Finding courage

SproutSo, about a month ago, I did something I haven’t done in a very, very long time: I wrote a new story and sent it to an editor. I was more than a little nervous about sending it out and wasn’t entirely sure it was ready; although I’d had the story in my head for at least a month, various real-life problems and obligations kept me from getting anything on paper until about two weeks before the submissions deadline, so I was making minor revisions right up until the last day. But I was proud of myself for meeting that goal and felt like I’d done good.

And then I got the rejection letter.

While the rejection was somewhat expected — it was a very competitive market and they had a lot of submissions competing for a small number of spots — it was still profoundly disappointing.

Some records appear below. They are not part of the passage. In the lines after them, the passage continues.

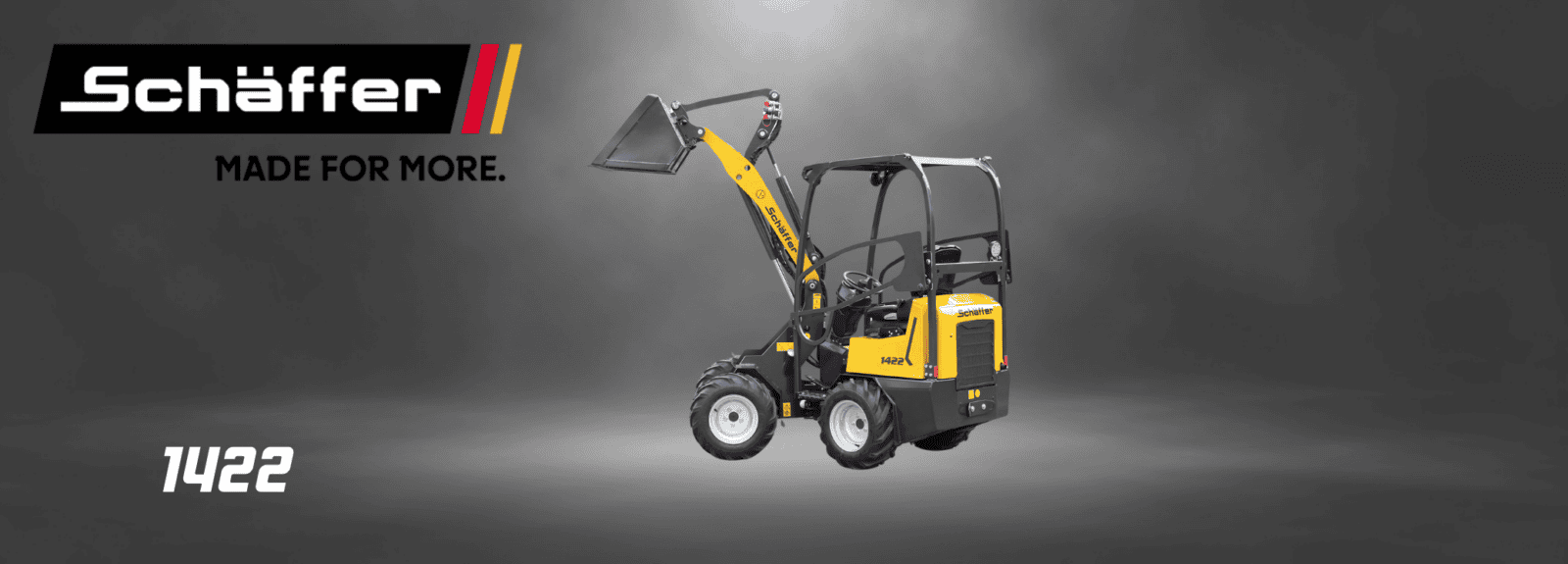Schäffer 1422 pienkuormaaja kauhalla studiokuvassa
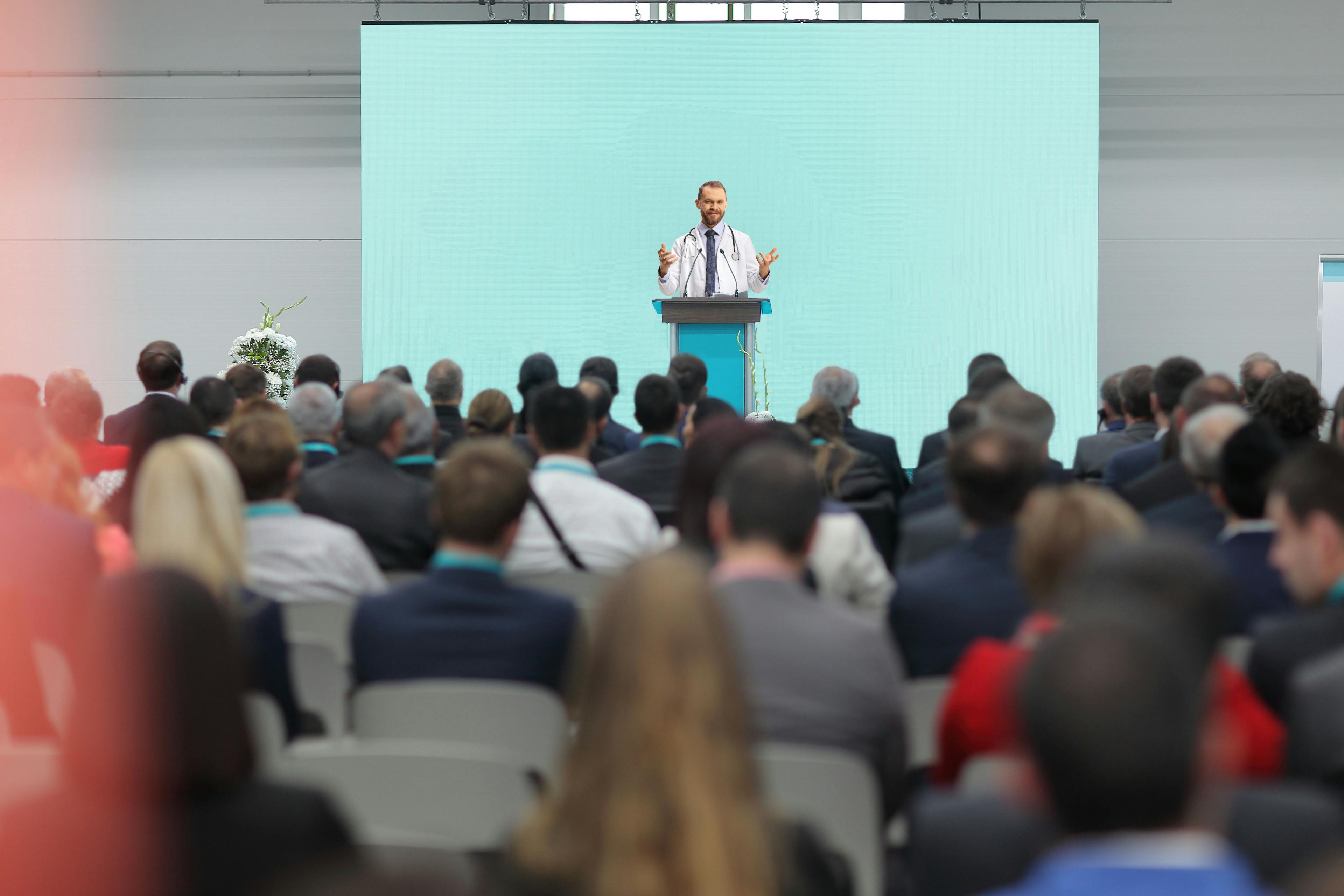 Male doctor giving a speech on a podium at a conference | Image credit: Ljupco Smokovski - stock.adobe.com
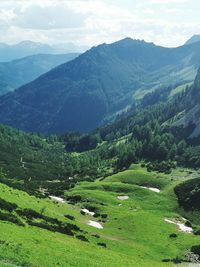 Scenic view of landscape and mountains against sky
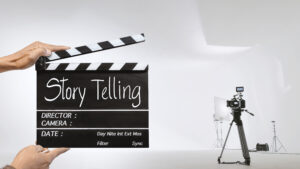 Story telling, Handwriting on film slate or clapperboard .film crew holding film clapperboard and a camera filming a movie in the studio.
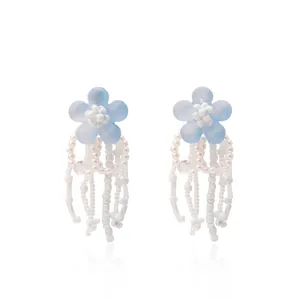 Close-up of light blue flower earrings with elegant white beaded tassels on white background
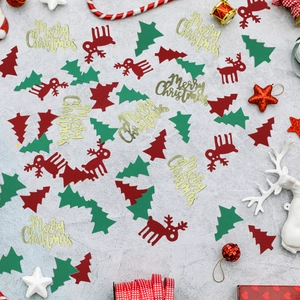Flat lay of red reindeer and green tree confetti with gold Merry Christmas sequins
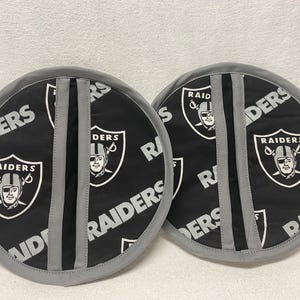 May include: Two gray and black fabric pot holders with the words "RAIDERS" and "RAID" printed on them. The pot holders have a black stripe down the center.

I know the recommended action in this case: send it out again. But because I’d felt unsure about the quality, I sat on it and did nothing. I felt paralyzed, afraid to read it and afraid to ask anyone else to read it.

Finally, another writer, Nayad Monroe, said something that helped me realize part of why I was stuck. The characters in the story are the narrator of my novel-in-progress and her brother — but in the novel, she tells the story, and in this short piece, we’re seeing things through her brother’s eyes. While she and her brother love each other, their relationship is often strained, and that’s reflected in the story. Given that I’ve written over 200 pages from her point of view, shifting to look at her from this new perspective wasn’t entirely comfortable.

With this realization that the resistance I was feeling might be all in my head, I got the courage to let the lovely Amanda Davis do a beta read for me. She confirmed that the piece does have some flaws, but they aren’t as bad as I’d imagined them to be. So, while I’m not ready to start editing just yet, I’m at least thinking about it again — and these days, any progress is worth celebrating.